The breed had divided into show and working lines and the lines are mainly kept separate. The show line has divided into two types: the English and the American and these lines are mixed varyingly depending on the breeder. We have both lines and types represented in Finland.

History

Men developed The Irish Red Setter to hunt and the breed evolved from Red and White Irish Setters and unknown single-coloured red dogs. The breed has been described in the 16th century but the breed type seems to have settled in the 18th century and The Irish Red Setter Club was founded in 1882 to promote the breeding and use of the breed.

It is assumed that officers brought the breed to Finland in the 1860’s, first litter has been registered in 1892 and in the 1890’s Irish Setters were competing in field trials. The breed was quite uniform in Finland until the 1970’s but the separation to different lines began in the 1980’s and 1990’s and the lines are pretty much kept separate in Finland nowadays.

Registrations in Finland 2009 274 dogs               

Temperament

At best The Irish Setter is a reliable, friendly and happy dog at home, in the fields and in doggy activities. An adult Setter is calm indoors but outside a Setter should be filled with excitement and vigour! The dogs are intelligent but it’s easily hidden under a goofy appearance J Setters learn new things fast, most are very greedy and they enjoy doing things with their owners. If you are looking for a hobby companion our of an Irish Setter it’s good to keep in mind that any activity is bound to be spiced with humour – not everything goes as planned due to a bird, a familiar face by the ringside or a bad day!

Care

The coat of an Irish Setter makes up for most of the dogs care. According to the quality, amount and dirtiness the dog needs to be bathed, brushed and possible trimmed with scissors and a trimmer. Usually a show lined Irish Setter is trimmed from the throat, paws and tail, some owners also trim the ear hairs short. Ears and eyes are good to be checked at least when you clip the dogs nails.

Exercise

The Irish Setter is an active breed that needs to exercise a lot; the most enjoyable type of exercise for a Setter is running free in the nature with a doggy companion. The breed still has its hunting instincts and a Setter should already as a puppy be taught the basic commands and to come when called so that moving in the outdoors is safe for the dog; it is however not impossible to teach this to a Setter.
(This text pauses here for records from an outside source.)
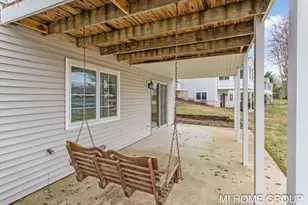 319 Winter Oak E, Holland, MI 49424 - Photo 7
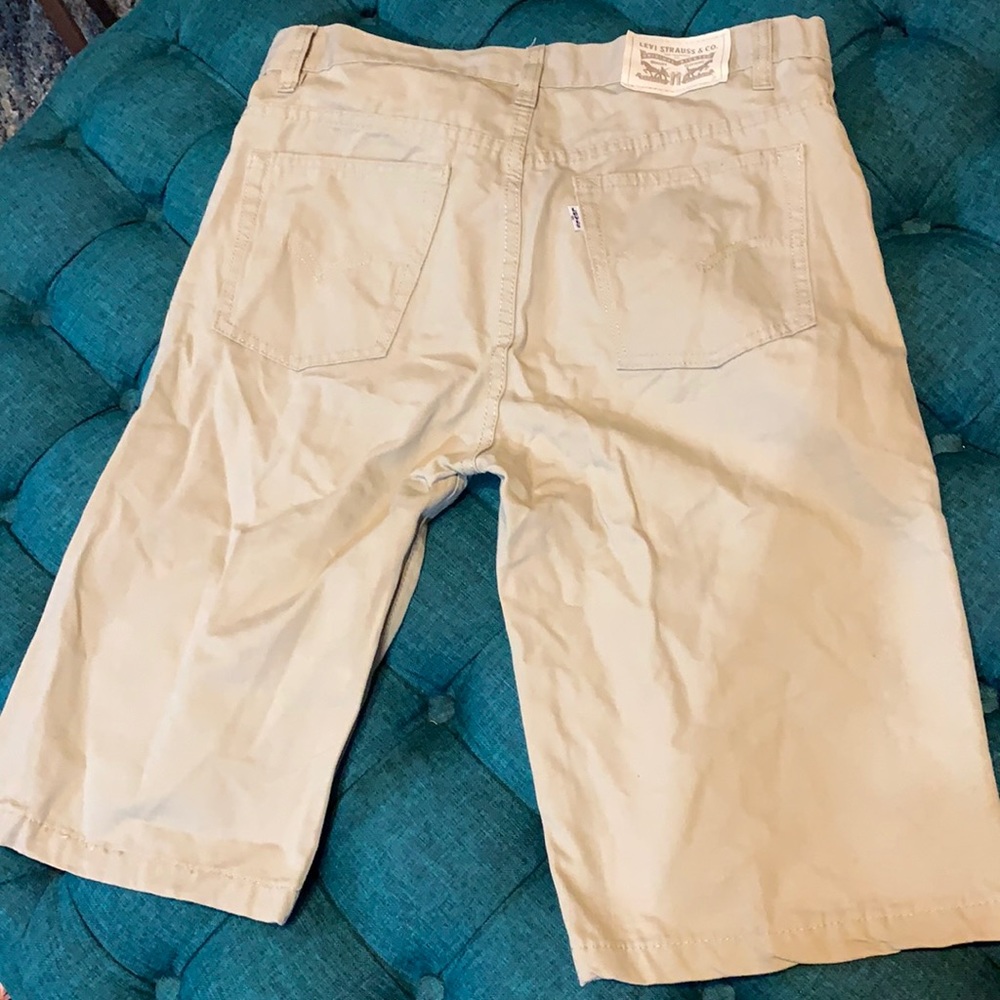 Levi khaki shortly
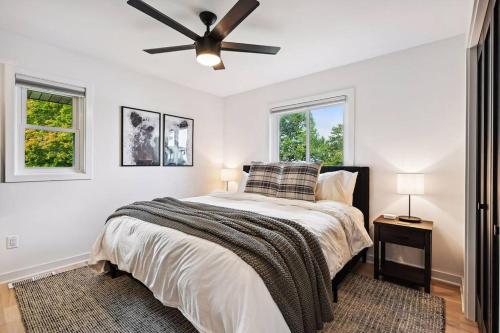 1 dormitorio con 1 cama y ventilador de techo en Luxury Cowdry Cottage Lake Home, en Alexandria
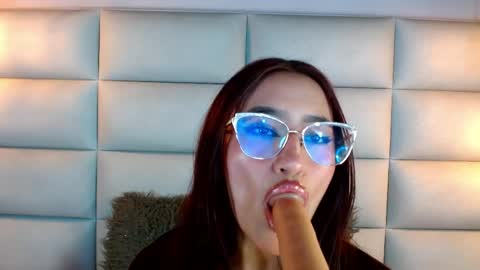 miss_ariss online show from 04/22/26, 02:36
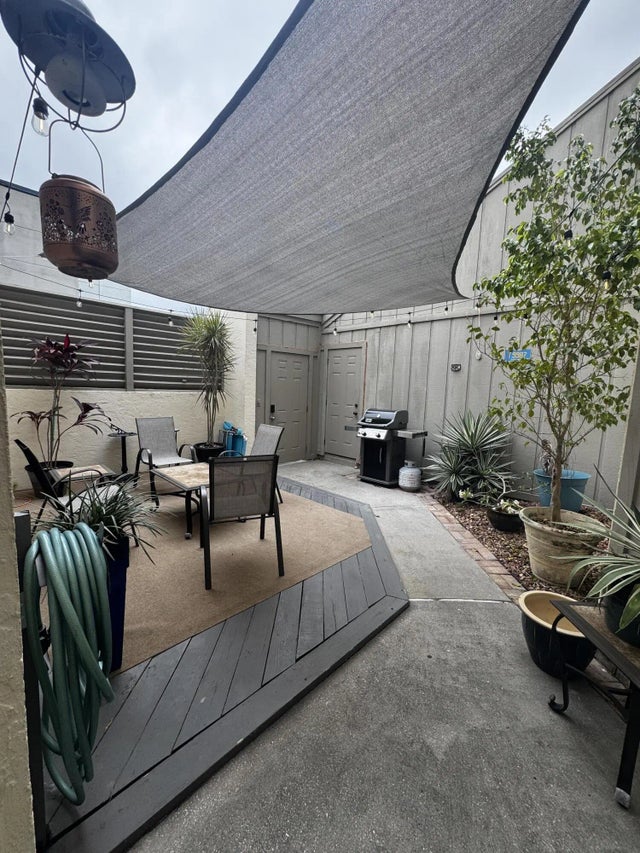 Photo of Listing #R11167344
Could I become a owner of an Irish Red Setter?

The best possible owner for an Irish Setter is bound to be an active person with a good sense of humour and patience and one that understands to set boundaries on a cute puppy – but gently. An Irish Setter is slightly soft and sensitive to owner instructions at heart even though they test their limits and are sometimes stubborn. A well-tempered Setter is one of the best family dogs, even though it’s good to keep in mind that young dogs are more active and they can be careless around young children.

Health

The Irish Red Setter is a part of the Finnish Kennel Club’s program for preventing hereditary illnesses and defects. Setters must be hip scored (from 1.1.2011 grade B or index 102 is the minimum) and no more than 40 puppies can be registered to a single dog in Finland (the last litter is registered as a whole).

According to the Finnish Irish Setter club health survey Irish Setters have single defects and illnesses but most dogs live healthy lives. Most common things were hip dysplasia, bowel illnesses (bowel infections, sensitivities, anal gland infections), skin rashs and ear infections. It was particularly noted that bowel, ear and skin illnesses seemed to be connected so that allergic dogs had many chronic problems.
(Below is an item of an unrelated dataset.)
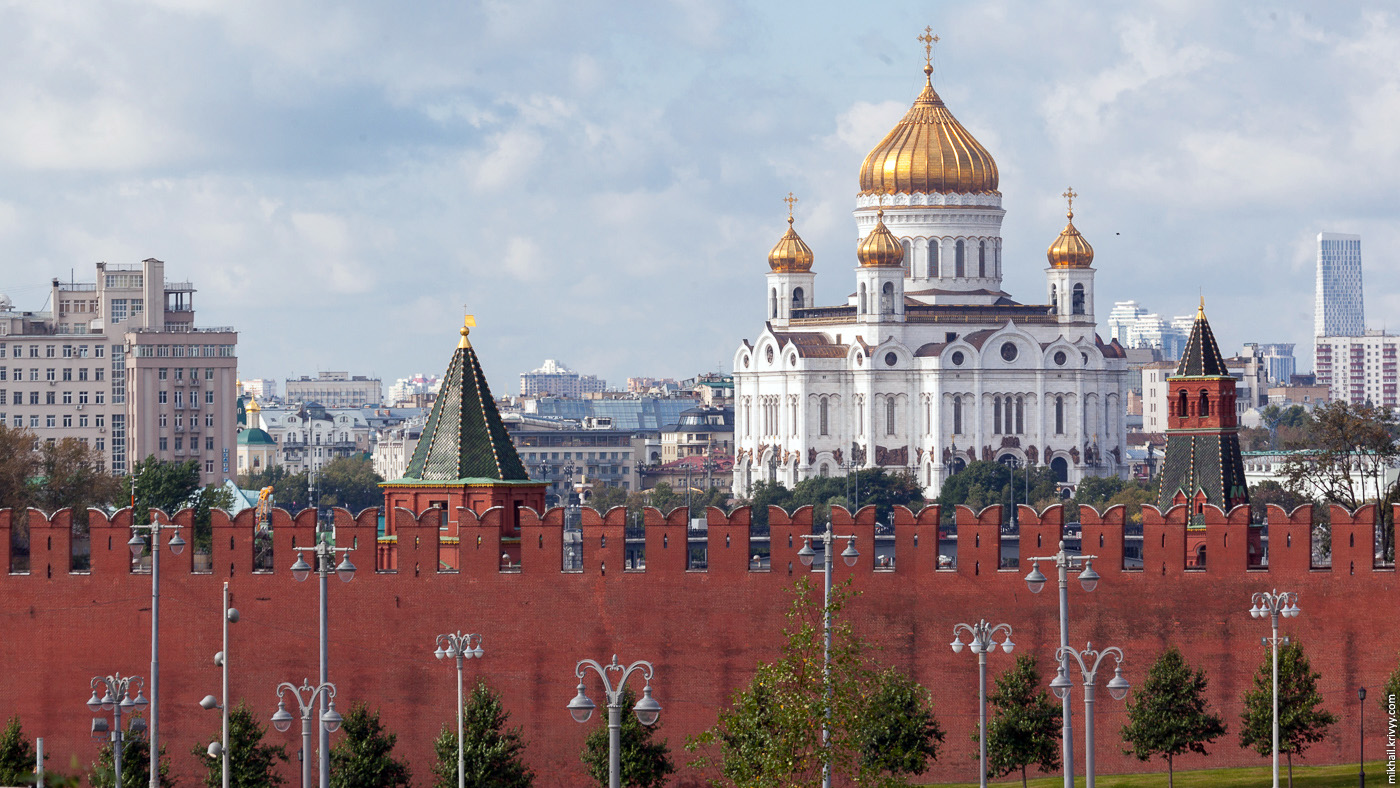 Москва Кремль храм Христа Спасителя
There are also cases of epilepsy, megaoesophagus, PRA and a breed specific immune deficiency CLAD in the breed. There are gene tests for PRA and CLAD for the breed.

Activities

An Irish Setter is a versatile dog for different activities as long as the owner is not too serious about competing. The main activities are dog shows, hunting, agility and obedience.

Hunting

Irish Setters are still used in their original purpose as setting gundogs, in Finland specially with wood grouse, blackgrouse, willow grouse, grey partridge and pheasant.